Framework Architecture. The high-level organization of our framework is given in Figure 5. The figure shows interactions among the OS, OpenCL Runtime and the proposed scheduler. Since device mapping decisions from our scheduler needs to be communicated to the OpenCL application for implementation, we developed custom APIs implemented in C language to exchange information between the application and the scheduler using efficient UNIX sockets. These APIs have negligible overhead on the actual application as demonstrated by our results later in the paper. To make correct decision for all kernels of an application, the scheduler keeps track of the current phases for each kernel via exchanging kernel-id (kID), phase (e.g., kernel-enqueue), and process-id (pid) information with the application. The scheduler monitors the hardware performance counters (PMCs) and run-time conditions (e.g., chip power cap and number of free CPU cores) from the OS, and uses them as inputs to an a priori trained support-vector machine (SVM) classifier to predict the device that minimizes energy or runtime for the kernel.

Kernel Classification. Similar to the previous work [19], we also use SVM-based classifiers to predict the optimal device in our scheduler because for scheduling purposes, it is sufficient to predict the relative ratio of energy or runtime of each device (CPU/GPU) for a kernel; i.e., the exact values of runtime and energy on two devices are not needed. Unlike our work, the previous work used only static code profiling and work group sizes to make device decisions without considering the run-time conditions (e.g., power cap and CPU-load or number of available cores) in the scheduling process. So, there could be performance loss in a dynamic system environment, as shown in the results section.

Our goal is to build a classifier based on measurements on only one device (CPU or GPU) so that during testing correct device could be predicted by running a kernel only on one device. On our system, the publicly available driver does not support collecting GPU counters in real time, so we use
Figure 5: Block diagram of the proposed scheduler for CPU+GPU processors.
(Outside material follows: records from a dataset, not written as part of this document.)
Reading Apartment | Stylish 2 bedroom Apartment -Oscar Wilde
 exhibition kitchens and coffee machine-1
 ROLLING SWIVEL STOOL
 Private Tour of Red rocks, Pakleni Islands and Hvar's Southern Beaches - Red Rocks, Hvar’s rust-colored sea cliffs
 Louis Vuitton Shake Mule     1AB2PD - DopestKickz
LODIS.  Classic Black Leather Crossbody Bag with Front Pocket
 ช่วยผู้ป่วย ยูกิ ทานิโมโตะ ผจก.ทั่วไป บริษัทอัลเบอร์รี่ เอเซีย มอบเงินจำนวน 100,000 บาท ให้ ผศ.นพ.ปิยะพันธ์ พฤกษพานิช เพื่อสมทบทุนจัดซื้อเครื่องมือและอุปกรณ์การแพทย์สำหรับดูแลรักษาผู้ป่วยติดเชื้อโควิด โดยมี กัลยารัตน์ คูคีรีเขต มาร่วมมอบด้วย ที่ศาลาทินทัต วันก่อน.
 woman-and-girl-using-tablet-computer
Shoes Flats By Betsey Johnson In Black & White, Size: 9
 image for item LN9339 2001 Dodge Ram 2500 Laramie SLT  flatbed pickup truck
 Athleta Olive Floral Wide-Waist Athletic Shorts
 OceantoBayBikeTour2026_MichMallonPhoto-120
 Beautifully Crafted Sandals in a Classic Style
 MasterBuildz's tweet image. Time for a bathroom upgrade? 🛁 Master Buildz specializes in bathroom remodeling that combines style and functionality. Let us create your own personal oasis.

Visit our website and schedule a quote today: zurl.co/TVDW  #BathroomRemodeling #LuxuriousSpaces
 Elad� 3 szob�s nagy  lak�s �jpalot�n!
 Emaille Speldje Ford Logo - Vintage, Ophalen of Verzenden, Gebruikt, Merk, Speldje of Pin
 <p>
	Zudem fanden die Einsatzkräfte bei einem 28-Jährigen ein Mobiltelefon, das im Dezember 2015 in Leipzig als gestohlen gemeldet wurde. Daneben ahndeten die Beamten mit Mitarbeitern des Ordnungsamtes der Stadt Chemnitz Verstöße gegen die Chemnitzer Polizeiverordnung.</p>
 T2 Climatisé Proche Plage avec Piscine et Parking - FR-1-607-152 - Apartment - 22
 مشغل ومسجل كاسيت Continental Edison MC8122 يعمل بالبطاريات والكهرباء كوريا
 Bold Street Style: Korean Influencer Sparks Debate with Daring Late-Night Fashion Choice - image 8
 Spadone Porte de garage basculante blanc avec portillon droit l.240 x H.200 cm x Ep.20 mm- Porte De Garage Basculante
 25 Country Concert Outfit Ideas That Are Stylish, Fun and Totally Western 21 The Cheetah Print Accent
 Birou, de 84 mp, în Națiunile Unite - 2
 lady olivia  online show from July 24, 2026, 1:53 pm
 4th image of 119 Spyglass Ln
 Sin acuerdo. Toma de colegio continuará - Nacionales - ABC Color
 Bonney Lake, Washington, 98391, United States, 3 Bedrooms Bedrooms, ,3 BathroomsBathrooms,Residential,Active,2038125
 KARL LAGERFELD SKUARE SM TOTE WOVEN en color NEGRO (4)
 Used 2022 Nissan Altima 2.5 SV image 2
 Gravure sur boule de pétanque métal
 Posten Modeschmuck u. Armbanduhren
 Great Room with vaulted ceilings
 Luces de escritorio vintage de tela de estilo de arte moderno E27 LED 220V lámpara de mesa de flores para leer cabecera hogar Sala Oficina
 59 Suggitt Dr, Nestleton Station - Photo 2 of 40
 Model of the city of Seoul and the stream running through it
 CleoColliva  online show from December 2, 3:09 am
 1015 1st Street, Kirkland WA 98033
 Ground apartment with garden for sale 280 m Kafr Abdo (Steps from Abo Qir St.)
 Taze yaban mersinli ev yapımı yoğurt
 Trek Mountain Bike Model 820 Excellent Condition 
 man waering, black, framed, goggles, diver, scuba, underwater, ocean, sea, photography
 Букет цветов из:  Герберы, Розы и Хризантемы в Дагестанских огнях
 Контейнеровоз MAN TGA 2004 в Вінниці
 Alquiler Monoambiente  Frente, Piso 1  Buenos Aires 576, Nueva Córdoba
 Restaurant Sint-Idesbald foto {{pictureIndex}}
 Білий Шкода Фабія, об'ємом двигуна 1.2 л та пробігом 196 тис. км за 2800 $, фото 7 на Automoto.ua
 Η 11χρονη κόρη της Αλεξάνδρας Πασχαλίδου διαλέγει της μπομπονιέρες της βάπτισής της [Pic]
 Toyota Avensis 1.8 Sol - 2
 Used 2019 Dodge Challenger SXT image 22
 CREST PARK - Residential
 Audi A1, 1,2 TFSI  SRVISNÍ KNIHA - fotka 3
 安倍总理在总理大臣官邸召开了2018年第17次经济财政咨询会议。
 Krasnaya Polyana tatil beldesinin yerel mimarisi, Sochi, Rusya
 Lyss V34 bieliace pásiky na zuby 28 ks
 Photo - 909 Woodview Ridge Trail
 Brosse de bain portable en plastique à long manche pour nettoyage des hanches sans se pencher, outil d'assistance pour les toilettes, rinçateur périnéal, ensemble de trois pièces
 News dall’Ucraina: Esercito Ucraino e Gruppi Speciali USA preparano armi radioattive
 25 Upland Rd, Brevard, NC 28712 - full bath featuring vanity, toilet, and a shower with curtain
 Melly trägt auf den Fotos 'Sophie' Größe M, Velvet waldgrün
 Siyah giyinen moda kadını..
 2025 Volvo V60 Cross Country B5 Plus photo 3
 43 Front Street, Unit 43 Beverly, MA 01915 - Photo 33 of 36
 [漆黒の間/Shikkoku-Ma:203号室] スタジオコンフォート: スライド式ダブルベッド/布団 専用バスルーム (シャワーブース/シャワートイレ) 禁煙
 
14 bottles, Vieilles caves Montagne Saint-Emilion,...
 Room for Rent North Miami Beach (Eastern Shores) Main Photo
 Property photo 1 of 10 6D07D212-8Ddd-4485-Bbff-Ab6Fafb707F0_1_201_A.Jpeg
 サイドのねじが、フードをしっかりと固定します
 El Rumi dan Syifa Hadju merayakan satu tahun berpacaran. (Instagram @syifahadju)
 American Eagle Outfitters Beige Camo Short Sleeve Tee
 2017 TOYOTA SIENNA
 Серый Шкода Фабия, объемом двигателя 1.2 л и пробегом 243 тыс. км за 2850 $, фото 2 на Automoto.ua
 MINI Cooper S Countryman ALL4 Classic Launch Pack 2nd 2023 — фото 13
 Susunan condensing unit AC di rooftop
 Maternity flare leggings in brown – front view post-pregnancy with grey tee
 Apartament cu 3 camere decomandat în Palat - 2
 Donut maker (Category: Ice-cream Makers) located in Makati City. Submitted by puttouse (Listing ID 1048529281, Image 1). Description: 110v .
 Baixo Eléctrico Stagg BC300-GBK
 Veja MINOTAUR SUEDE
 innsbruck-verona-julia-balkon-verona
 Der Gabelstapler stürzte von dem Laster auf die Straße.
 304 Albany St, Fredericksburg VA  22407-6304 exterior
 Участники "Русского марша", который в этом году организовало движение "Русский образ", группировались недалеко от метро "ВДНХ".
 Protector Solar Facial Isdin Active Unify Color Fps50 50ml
CPU measurements to predict the appropriate device. During training phase, we run multiple OpenCL applications on both CPU and GPU devices at different power cap and workload conditions while collecting the PMCs only during CPU runs. These PMCs, along with system conditions are used as features to build reliable SVM models (off-line process). Table 1 shows the list of PMCs used as the feature space for the SVM-based classifier. We selected these PMCs to represent the characteristics of different kernels and to minimize classification accuracy for finding suitable device across all kernels and system conditions. For example, kernels with higher branch instructions benefit more on CPU, while those with higher LLC misses and resource stalls perform better on GPU because the latencies due to such misses and stalls are hidden by GPU architecture. The trained models are stored and used by the scheduler to make suitable decisions for different kernels. In particular, we use the following standard SVM equation to predict the appropriate device ($c < 0$ for GPU, and CPU otherwise) at run-time:

$$c = \sum_{i=1}^{n} \alpha_i l_i k(s_i, x) + b,$$

where, $n$ denotes the number of support vectors, $b$ denotes the bias of SVM classifier, $x$ is the test feature, and $s_i$ and $l_i$ denote the $i^{th}$ support vector and its class-label, respectively. We studied different kernel-functions (linear, gaussian and polynomial) to partition the feature space using SVM and found the polynomial kernel function performing the best. This is mainly because the performance and energy are typically nonlinear function of system statistics. In particular, we used $3^{rd}$ order polynomial basis function, denoted as $k(s_i, x) = (1 + s_i.x)^3$, in our SVM classifier. Although training an SVM model is computationally expensive, the testing is far less expensive than the training. Further, it is worth mentioning that these models need to be built only once, so if the underlying hardware changes, the SVM models could be retrained for the new hardware. Furthermore, we build different SVM models for runtime and energy goals as the device decision for minimizing one is typically different than the other.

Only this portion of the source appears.